• WHAT NEEDS TO BE DONE:
Give the records again in full, exactly as they appear, but without the pictures.

>>>

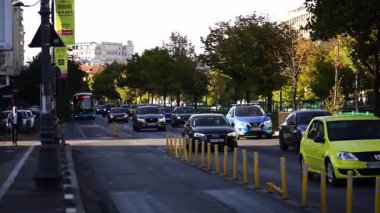 Avrupa 'da trafik sıkışıklığı, araba kirliliği ve trafik sıkışıklığı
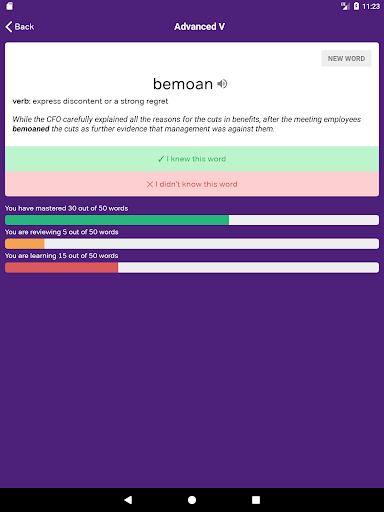 GRE Vocabulary Flashcards — تصویر 10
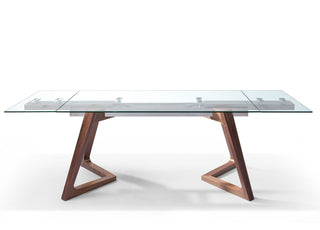 Delta Extendable Dining Table Whiteline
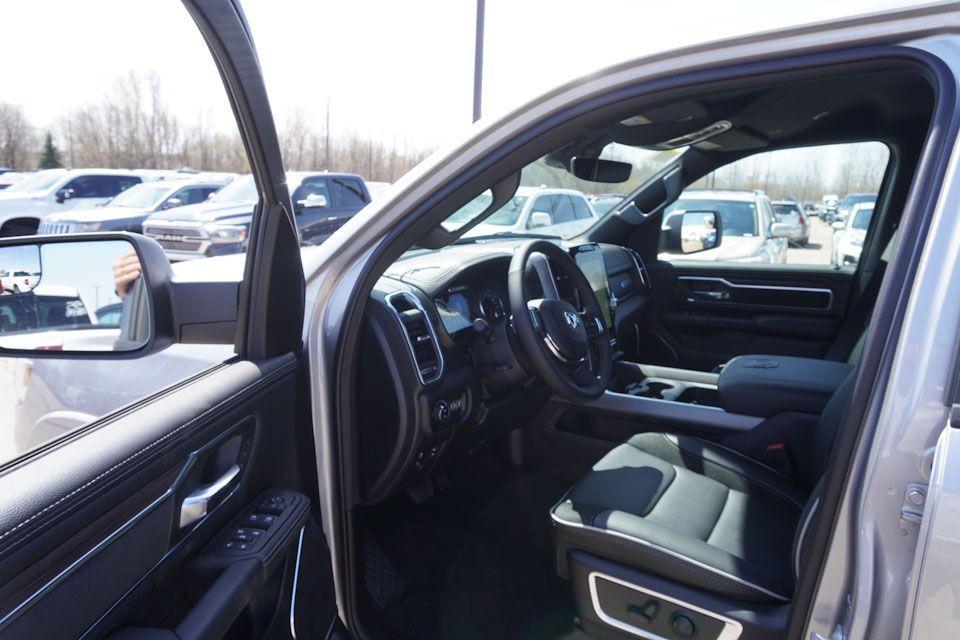 new 2025 Ram 1500 car, priced at $55,637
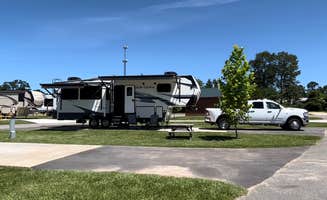 Jeff & Steff’s Excellent Adventure's photo of rv camping at Lufkin KOA Journey near Crockett, TX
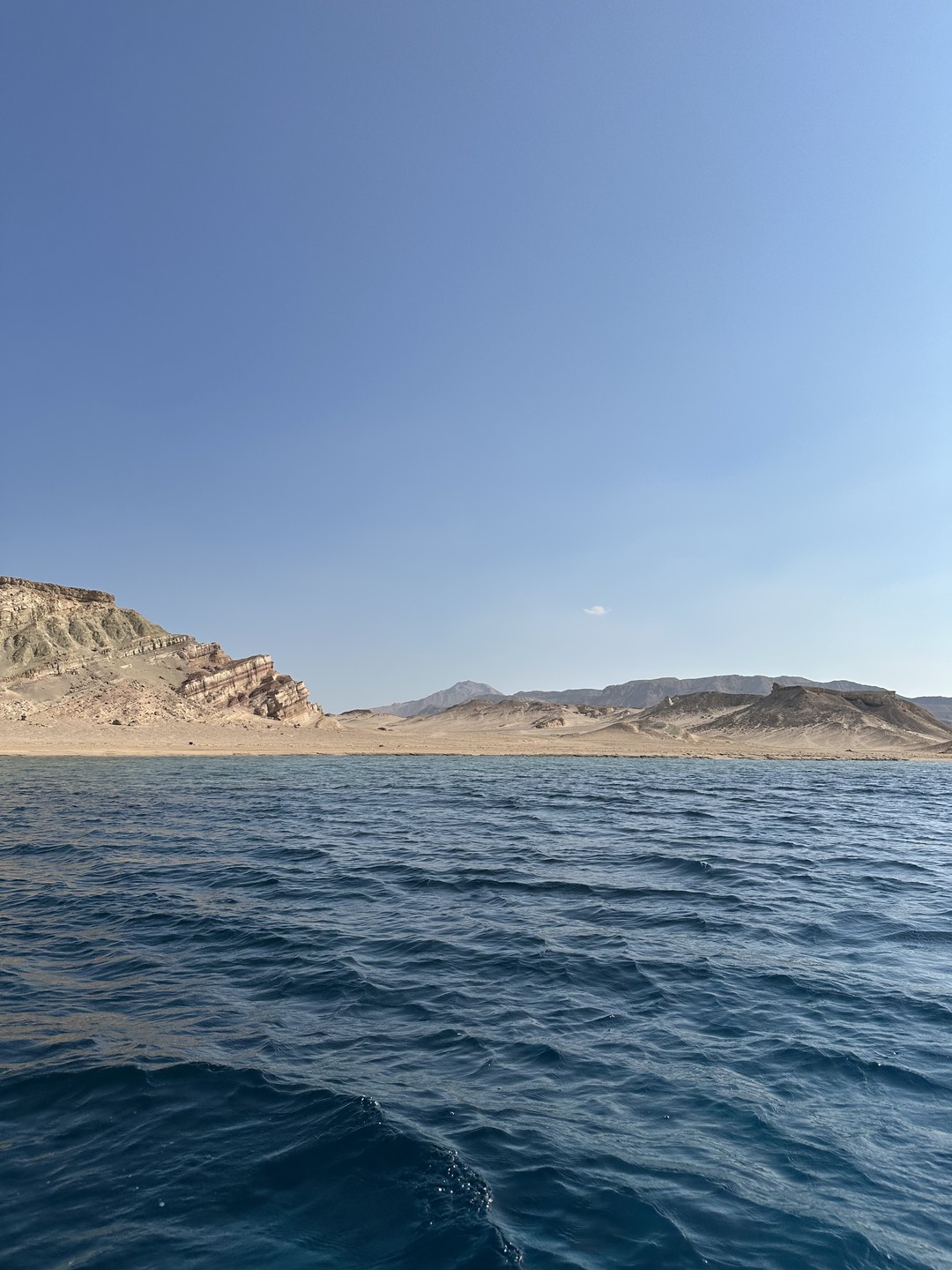 Индивидуальная прогулка на катере в Красном море (Дмитрий)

<<<

• ANSWER BELOW:
 Avrupa 'da trafik sıkışıklığı, araba kirliliği ve trafik sıkışıklığı
 GRE Vocabulary Flashcards — تصویر 10
 Delta Extendable Dining Table Whiteline
 new 2025 Ram 1500 car, priced at $55,637
 Jeff & Steff’s Excellent Adventure's photo of rv camping at Lufkin KOA Journey near Crockett, TX
 Индивидуальная прогулка на катере в Красном море (Дмитрий)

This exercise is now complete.